Les défendeurs ont tenté, en vain, d’invoquer les dispositions de la règle-refuge en vertu de la loi intitulée Digital Millennium Copyright Act en vue de se décharger de leurs responsabilités (p. ex., à l’égard des fournisseurs d’outils de repérage d’information). La cour a affirmé qu’afin de se prévaloir de ces défenses, les défendeurs doivent respecter trois éléments conjonctifs :

  1. le défendeur ne doit pas être au courant des activités de contrefaçon ou avoir un motif d’être au courant de celles-ci ou ne pas retirer le matériel de contrefaçon dès qu’il en prend connaissance.
  2. Le défendeur ne profite aucunement de la contrefaçon, bien qu’il ait le pouvoir de la contrôler.
  3. Le défendeur doit, sur réception d’un avis (de la façon réglementaire prescrite) du titulaire du droit d’auteur, retirer le matériel contrefait.

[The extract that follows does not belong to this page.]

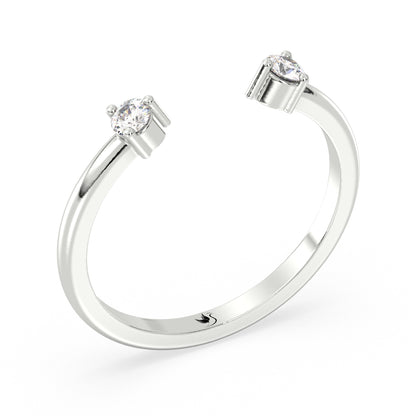 Dual-Stone Open Shank Ring 0.22ct tw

En concluant que les dispositions relatives à la règle-refuge ne s’appliquaient pas à la présente affaire, la cour a formulé les observations suivantes :

  • Les demandeurs avaient établi que les défendeurs avaient des motifs d’être au courant des activités de contrefaçon de leurs utilisateurs et ils n’ont pas fourni de preuve à l’effet contraire.
  • Les défendeurs n’ont présenté aucune preuve attestant qu’ils ont procédé sans délai au retrait du matériel contrefait.
  • M. Fung a lui-même effectué des téléchargements non autorisés de matériel protégé par le droit d’auteur et, par conséquent, aurait dû savoir qu’il y avait du matériel contrefait sur ses sites web.
  • Les sites de M. Fung contenaient des fonctions permettant d’afficher les principales recherches des utilisateurs, qui énuméraient bon nombre d’œuvres protégées par le droit d’auteur.

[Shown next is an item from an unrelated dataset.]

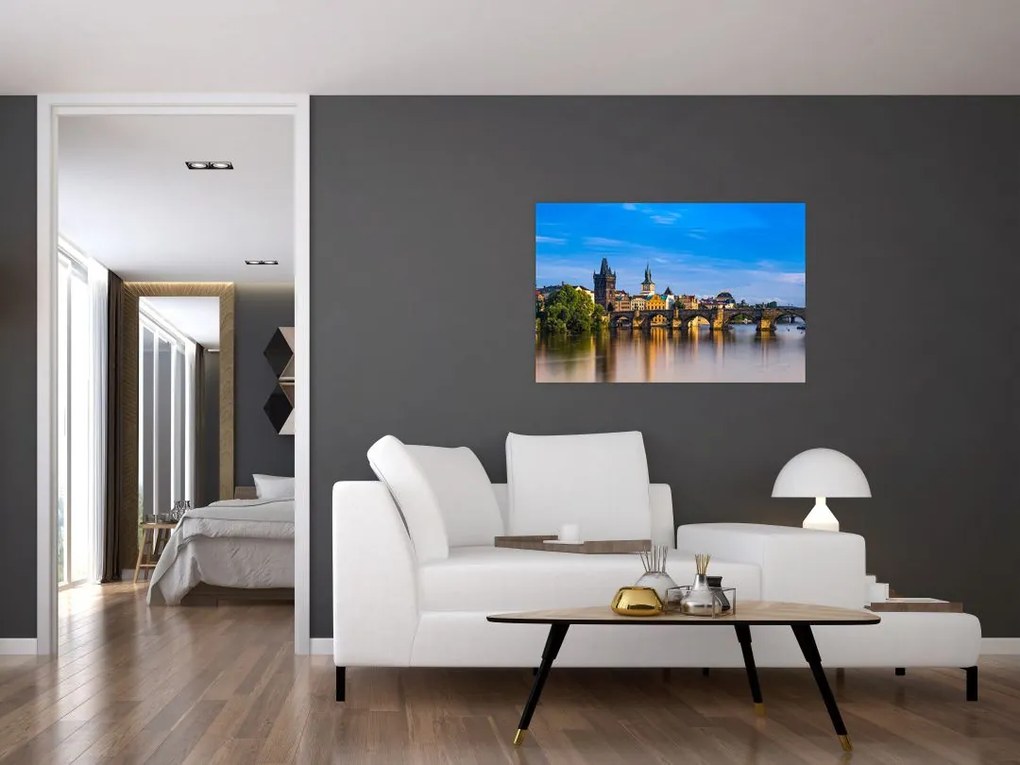 Tablou cu podul Carol (90x60 cm)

La cour a également noté que les défenses fondées sur la règle-refuge [traduction] « sont fondées sur la conduite de bonne foi passive visant une entreprise Internet légitime ». Les parties qui incitent activement à la contrefaçon ne peuvent se prévaloir de ces défenses.

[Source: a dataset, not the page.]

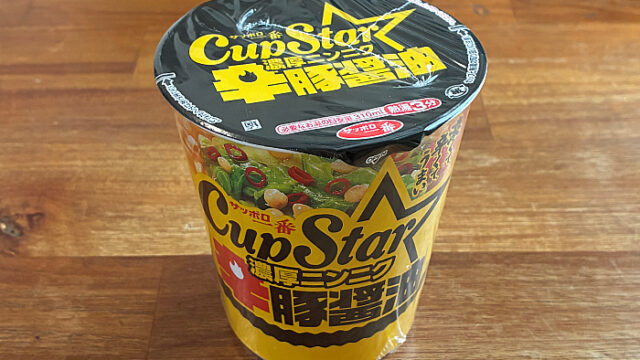 カップスター 辛豚醤油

Remarques de McCarthy Tétrault

L’affaire Isohunt revêt un intérêt tout particulier pour les Canadiens, étant donné que le Canada évalue actuellement les modifications devant être apportées à ses lois afin de permettre aux Canadiens de mettre un terme aux contrefaçons en ligne facilitées par des services et des sites de partage de fichiers canadiens non autorisés. Il est évident que les doctrines clés ont joué un rôle important dans les conclusions de contrefaçon de la décision de la cour. Notamment, les facteurs suivants étaient au cœur même des conclusions de responsabilité de la cour :

  1. La responsabilité à l’égard de la contrefaçon directe fondée sur des actes de téléchargement vers le site (p. ex., rendre les fichiers disponibles aux fins de distribution tel qu’exigé par les droits en matière de distribution et de disponibilité prévus par le Traité de l’Organisation Mondiale de la Propriété Intellectuelle (OMPI) sur le droit d’auteur et sur les interprétations et exécutions et les phonogrammes), et de téléchargements vers l’aval (p. ex., la création de reproductions de fichiers).
  2. L’existence de doctrines solides à l’égard de la responsabilité subsidiaire comme l’incitation.
  3. Les règles-refuges à l’intention des fournisseurs de services qui a) sont étroitement adaptées; b) protègent uniquement les intermédiaires innocents légitimes (p. ex., les fournisseurs de services Internet qui ne participent pas ni n’incitent à la contrefaçon commise par des utilisateurs de leurs services); et c) ne s’appliquent pas à moins que les fournisseurs de services n’agissent de façon responsable et ne prennent les mesures raisonnables afin d’empêcher l’utilisation de leurs services par des contrefacteurs à répétition.